** Opening DATA TO USE block **

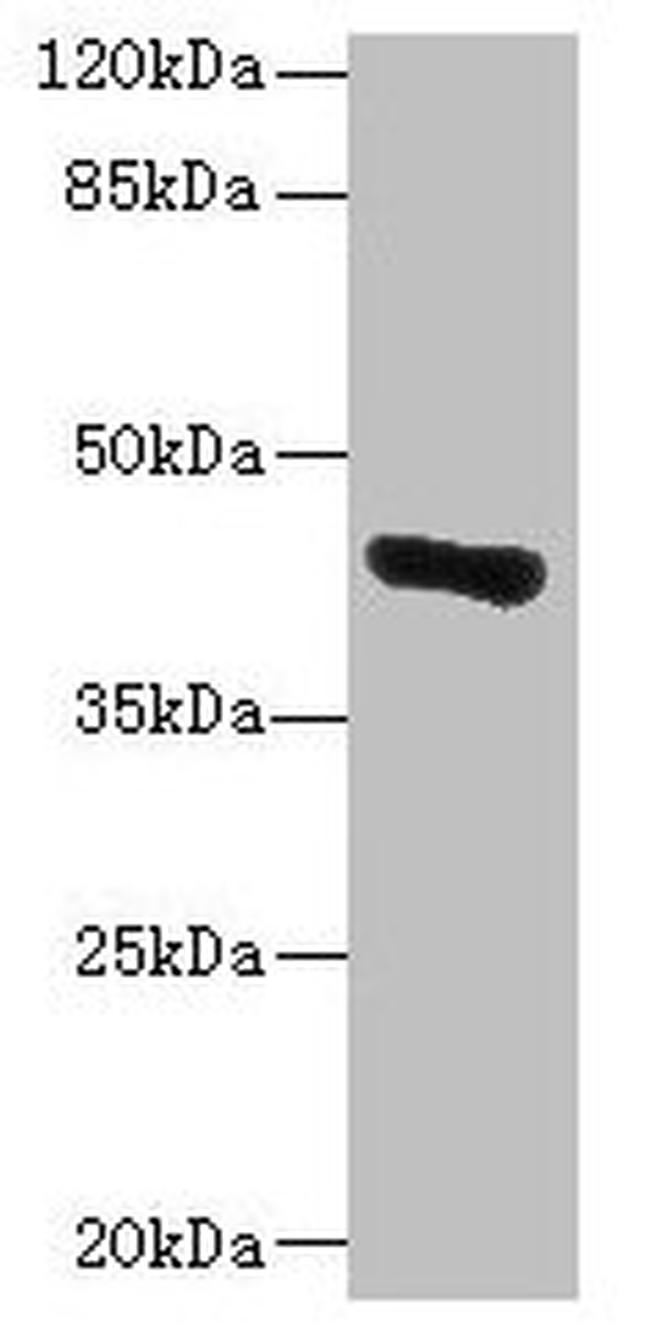 GLT8D1 Antibody in Western Blot (WB)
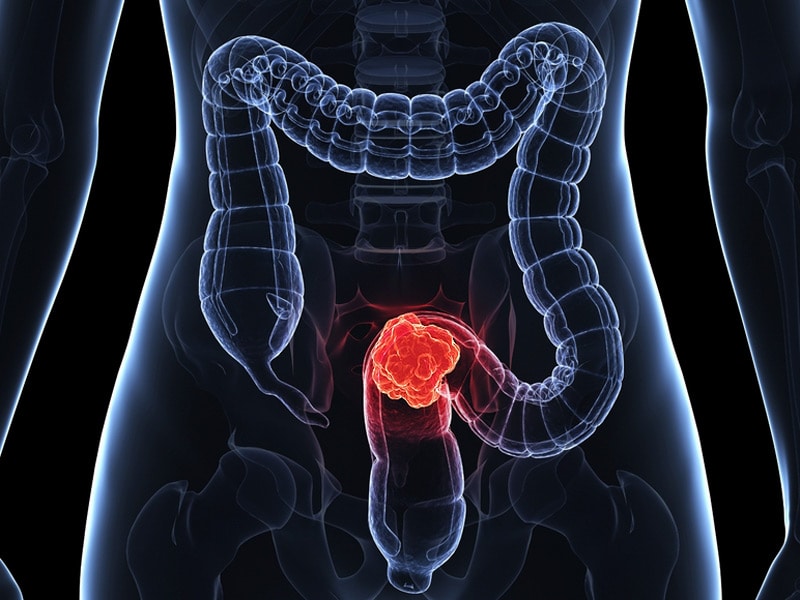 Appendix out. Метро пикадилли карта. Outlieders. Appendix out. Appendix out.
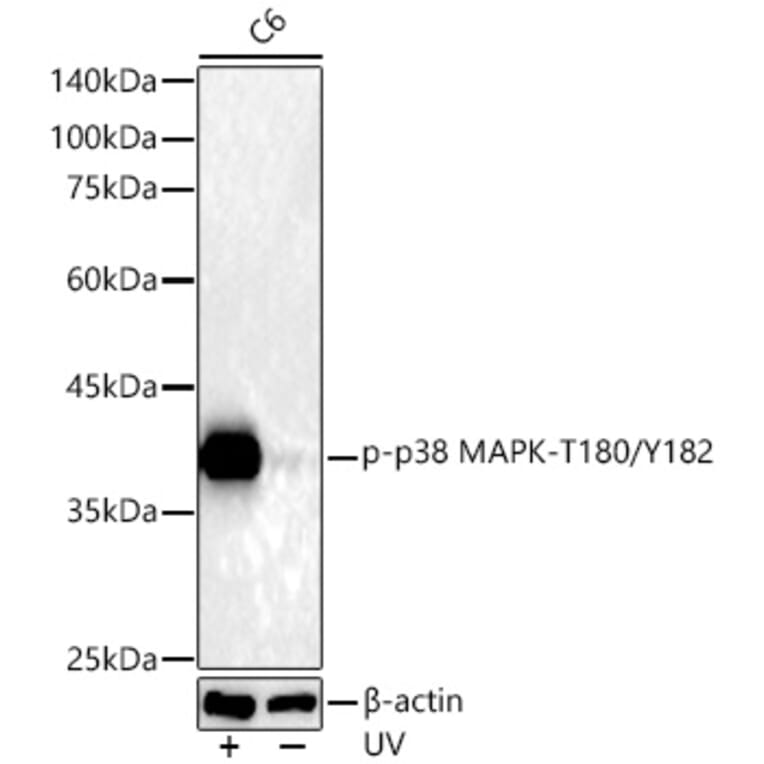Western Blot - Anti-MAPK11 (Phospho T180/Y182) Antibody [ARC51023] (A329588) - Antibodies.com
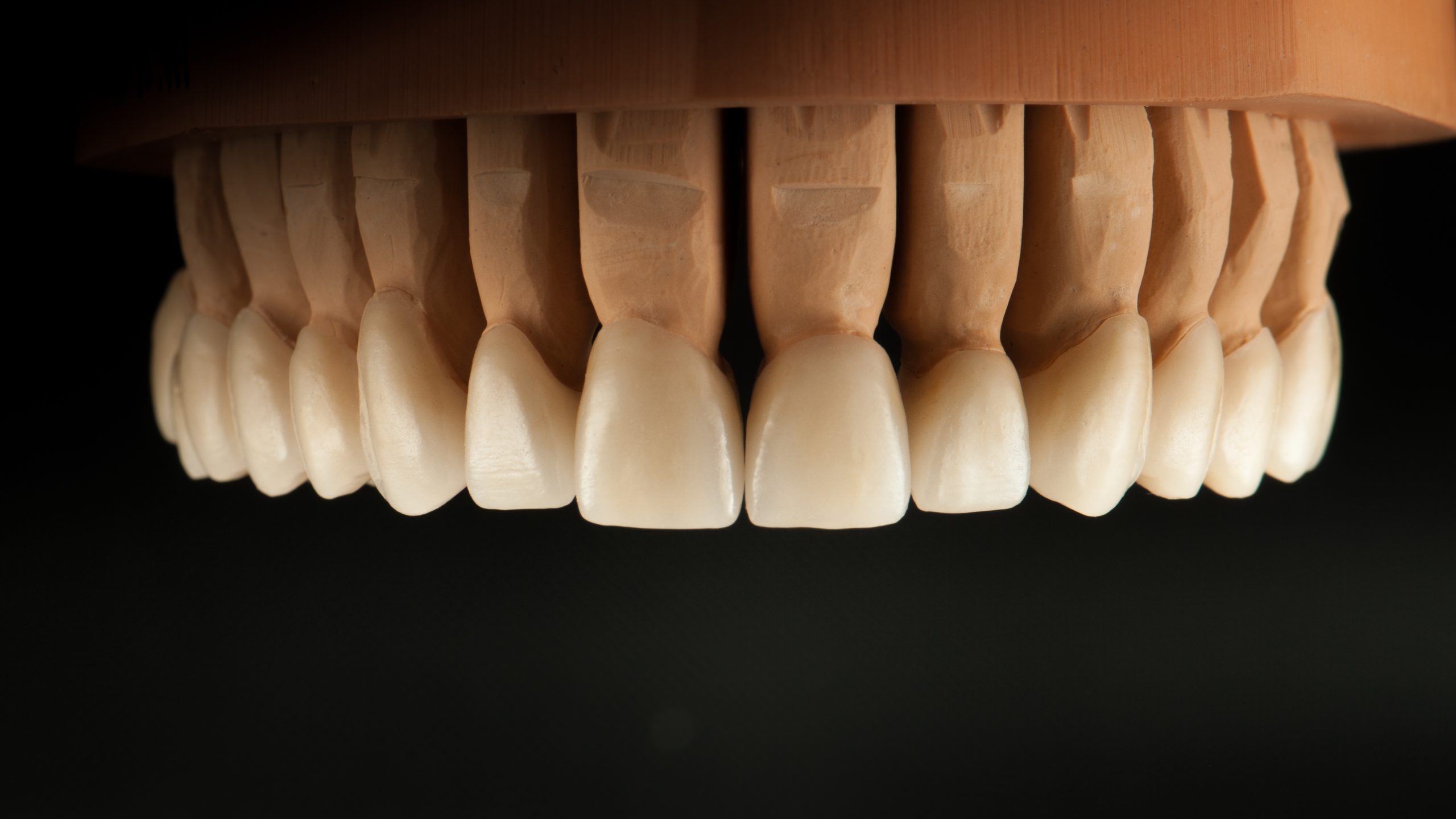 Ästhetische Zahnkronen aus Keramik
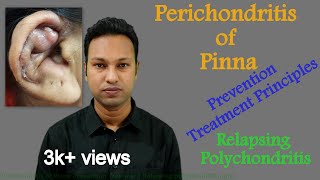 Perichondritis of Pinna Prevention amp Treatment। Difference with Relapsing Polychondritis [upl. by Mavilia]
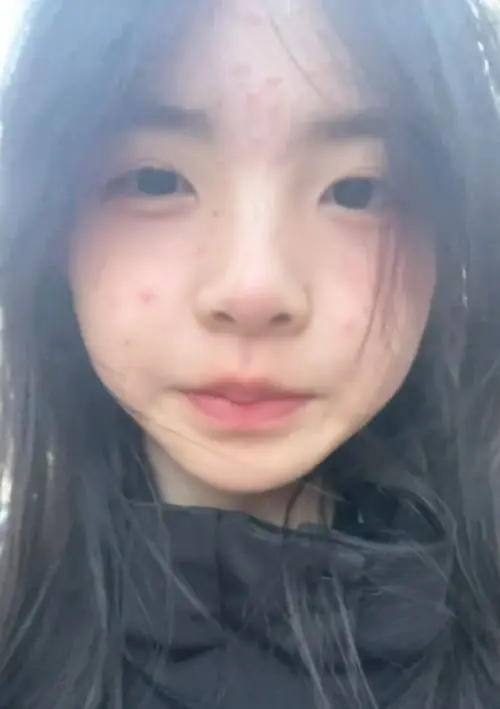 “这种满脸痘的最迷人了”，高中女生素颜走红，让男生3年忘不了
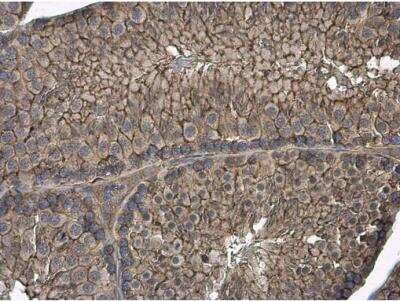 Immunohistochemistry-Paraffin: GNB1 Antibody [NBP2-16699]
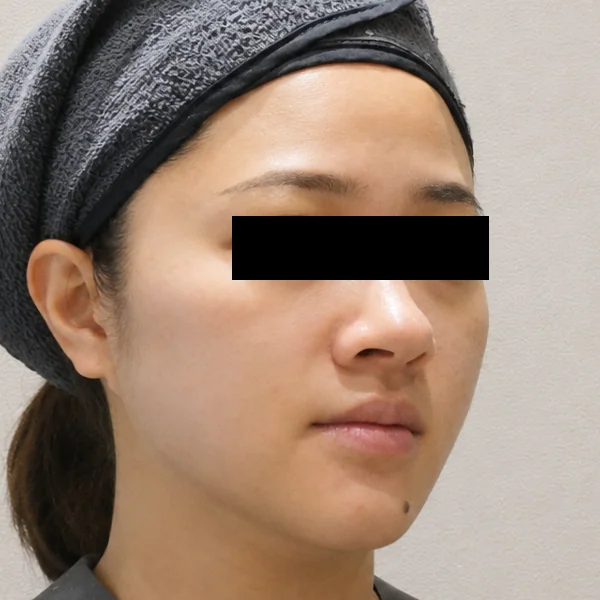 시술 후 — 울쎄라 리프팅 시술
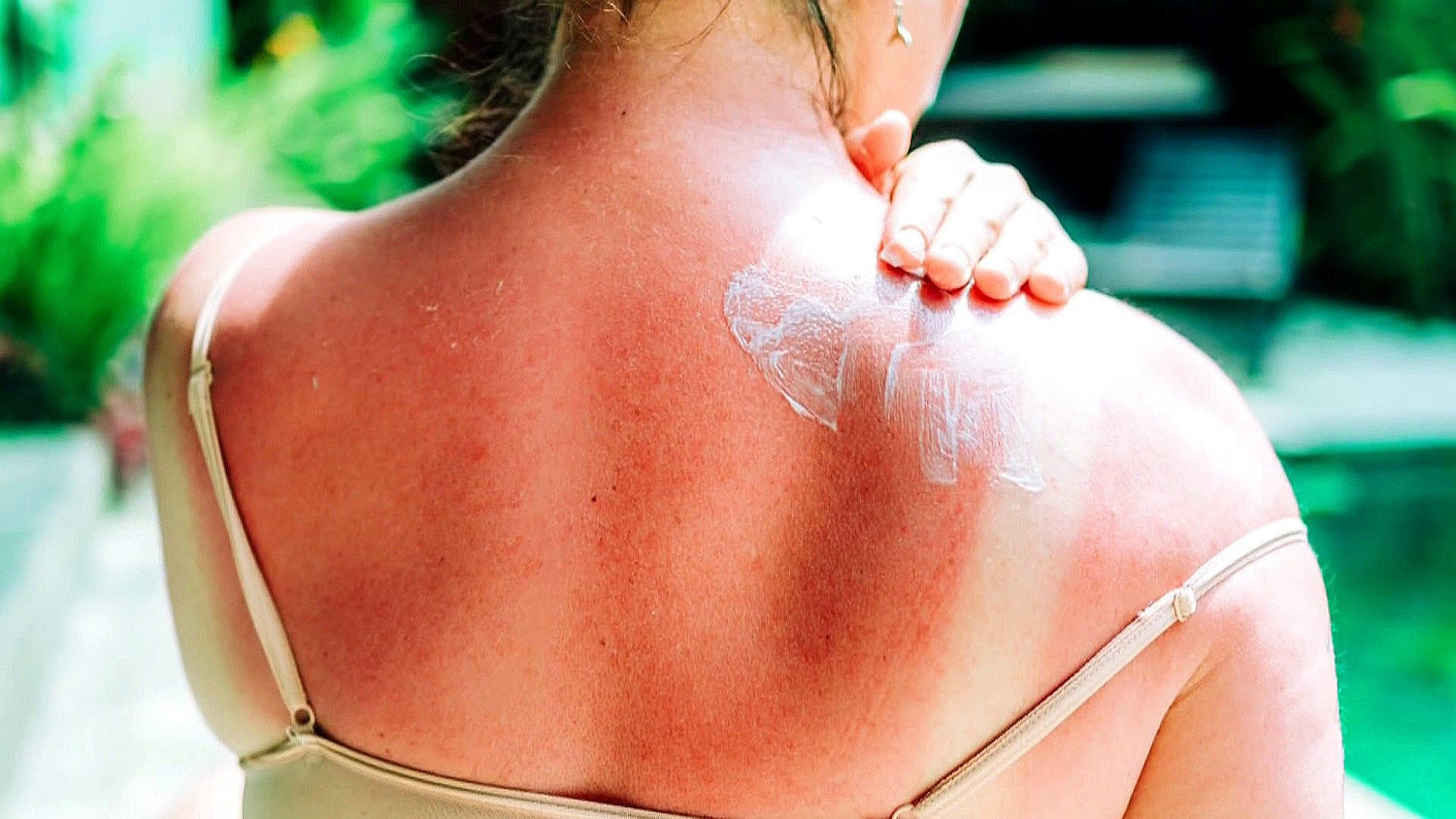 First New Sunscreen Type in 25 Years Hits US Store Shelves​First New Sunscreen Type in 25 Years Hits US Store Shelves 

** Closing DATA TO USE block **

* _WORK ITEM_: Please give again, word for word, the lines from the one containing "Ästhetische Zahnkronen aus Keramik" through the last line of the listing above, inclusive, and leave out pictures.

* _ANSWER TO THE EXERCISE_:
 Ästhetische Zahnkronen aus Keramik
 Perichondritis of Pinna Prevention amp Treatment। Difference with Relapsing Polychondritis [upl. by Mavilia]
 “这种满脸痘的最迷人了”，高中女生素颜走红，让男生3年忘不了
 Immunohistochemistry-Paraffin: GNB1 Antibody [NBP2-16699]
 시술 후 — 울쎄라 리프팅 시술
 First New Sunscreen Type in 25 Years Hits US Store Shelves​First New Sunscreen Type in 25 Years Hits US Store Shelves 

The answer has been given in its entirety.